The video-sharing app TikTok is marketed toward and used ravenously by younger demographics. When you watch the videos, you can like, subscribe, and share - similarly to Vine (RIP). It is humorous and provides literally hours of content that, like every social media outlet, distracts you from the real world.
Looking at the ages of these girls and boys making videos, many of them are in middle or high school, a good chunk are in college, and there are also some bored adults wanting to get in on the action.
Many of the younger ones, however, can be seen dancing to dances and songs that I thought, at first, were extremely inappropriate for their age group — in reality, they are using this app to define and embrace their sexuality and identities at a young age.
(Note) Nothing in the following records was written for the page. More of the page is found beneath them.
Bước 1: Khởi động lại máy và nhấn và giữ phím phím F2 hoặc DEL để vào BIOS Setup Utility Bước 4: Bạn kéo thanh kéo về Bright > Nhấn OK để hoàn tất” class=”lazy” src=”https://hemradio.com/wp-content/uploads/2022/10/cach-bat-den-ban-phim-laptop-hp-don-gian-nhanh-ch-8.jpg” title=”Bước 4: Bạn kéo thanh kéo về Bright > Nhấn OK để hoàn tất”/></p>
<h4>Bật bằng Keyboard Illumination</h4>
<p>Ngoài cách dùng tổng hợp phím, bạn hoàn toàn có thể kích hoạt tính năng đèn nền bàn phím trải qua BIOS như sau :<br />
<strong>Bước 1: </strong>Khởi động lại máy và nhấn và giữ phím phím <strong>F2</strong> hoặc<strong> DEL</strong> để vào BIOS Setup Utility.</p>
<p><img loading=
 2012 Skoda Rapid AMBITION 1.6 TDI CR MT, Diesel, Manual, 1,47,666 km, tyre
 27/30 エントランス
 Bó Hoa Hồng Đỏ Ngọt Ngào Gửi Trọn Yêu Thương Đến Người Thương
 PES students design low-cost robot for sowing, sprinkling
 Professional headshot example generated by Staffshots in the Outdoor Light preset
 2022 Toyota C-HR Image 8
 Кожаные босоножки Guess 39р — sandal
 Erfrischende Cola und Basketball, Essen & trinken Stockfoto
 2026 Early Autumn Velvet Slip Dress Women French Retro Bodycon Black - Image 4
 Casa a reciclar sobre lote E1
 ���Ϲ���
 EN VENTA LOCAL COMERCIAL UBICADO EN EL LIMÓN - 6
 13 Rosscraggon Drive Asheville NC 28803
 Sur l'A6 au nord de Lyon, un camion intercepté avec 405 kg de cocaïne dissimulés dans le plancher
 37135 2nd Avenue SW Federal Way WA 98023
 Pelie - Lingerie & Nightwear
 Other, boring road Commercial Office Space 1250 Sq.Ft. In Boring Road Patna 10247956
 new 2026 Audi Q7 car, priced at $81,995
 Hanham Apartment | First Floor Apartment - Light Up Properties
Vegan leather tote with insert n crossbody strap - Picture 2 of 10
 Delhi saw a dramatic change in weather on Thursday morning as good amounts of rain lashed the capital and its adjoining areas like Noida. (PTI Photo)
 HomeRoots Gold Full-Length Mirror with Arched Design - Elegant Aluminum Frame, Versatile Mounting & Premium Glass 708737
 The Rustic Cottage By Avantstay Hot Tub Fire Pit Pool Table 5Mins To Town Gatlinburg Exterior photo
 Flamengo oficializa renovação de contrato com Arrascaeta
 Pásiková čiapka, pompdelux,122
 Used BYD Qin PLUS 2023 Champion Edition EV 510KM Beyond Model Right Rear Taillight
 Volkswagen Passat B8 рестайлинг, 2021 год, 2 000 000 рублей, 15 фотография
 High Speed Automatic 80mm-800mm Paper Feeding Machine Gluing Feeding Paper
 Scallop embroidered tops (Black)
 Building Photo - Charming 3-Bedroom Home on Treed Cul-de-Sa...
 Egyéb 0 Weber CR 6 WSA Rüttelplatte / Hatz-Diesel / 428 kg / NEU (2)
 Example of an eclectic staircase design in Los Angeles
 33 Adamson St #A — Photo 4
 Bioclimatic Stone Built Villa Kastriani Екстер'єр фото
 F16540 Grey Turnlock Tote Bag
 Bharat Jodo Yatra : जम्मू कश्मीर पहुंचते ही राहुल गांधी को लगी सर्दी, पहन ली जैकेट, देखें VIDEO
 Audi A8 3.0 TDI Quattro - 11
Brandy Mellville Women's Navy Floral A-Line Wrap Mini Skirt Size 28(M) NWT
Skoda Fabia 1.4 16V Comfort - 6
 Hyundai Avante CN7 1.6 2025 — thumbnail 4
Young people are using this app as a platform to express themselves, it's somewhere where they can be themselves.
Unlike Instagram and Twitter where it's just photos and words, these are live videos. Users can even make groups to collaborate with others in their same communities, and these creators are getting, like, famous for it.
One of the first TikTok videos I ever watched was a "sound" video made to Lizzo's "Boys" song, but instead of it saying the actual words, it replaced "boys" with "girls." This "sound" video style has become to many an international means of coming out to family and friends about one's sexuality, showing real-time reactions from the people in their life - and it's going viral. There are also several other "sounds," like what they call a "personality change check" which is a compilation of pictures or videos to songs such as "She's So Gone" by Naomi with a transition into the sexuality they are in now, versus what they were at another time in their life.
These TikToks are even compilated on other media platforms like YouTube or Twitter with titles like "Lesbian Girl TikToks That Make Me Wonder If I'm Really Into Men." I am using girls as an example, but there's also a huge community of TikTok creators coming out as trans and even exposing the nasty things people say to them because of it.
At first, you watch these videos and don't think much of them because they might be fake or whatever, but these are real people with real reactions. This platform, which I could imagine was meant to be for funny people, turned out to be that, PLUS way more. When I was in high school, if out lesbians dressed more masculine in public, they got made fun of. Now, thanks to this app, there are girls walking the same halls in the same attire, but they're more popular than ever because people actually feel accepted. They are confident. They use these videos as their personal diaries to be who they are, and everybody else can watch along with them.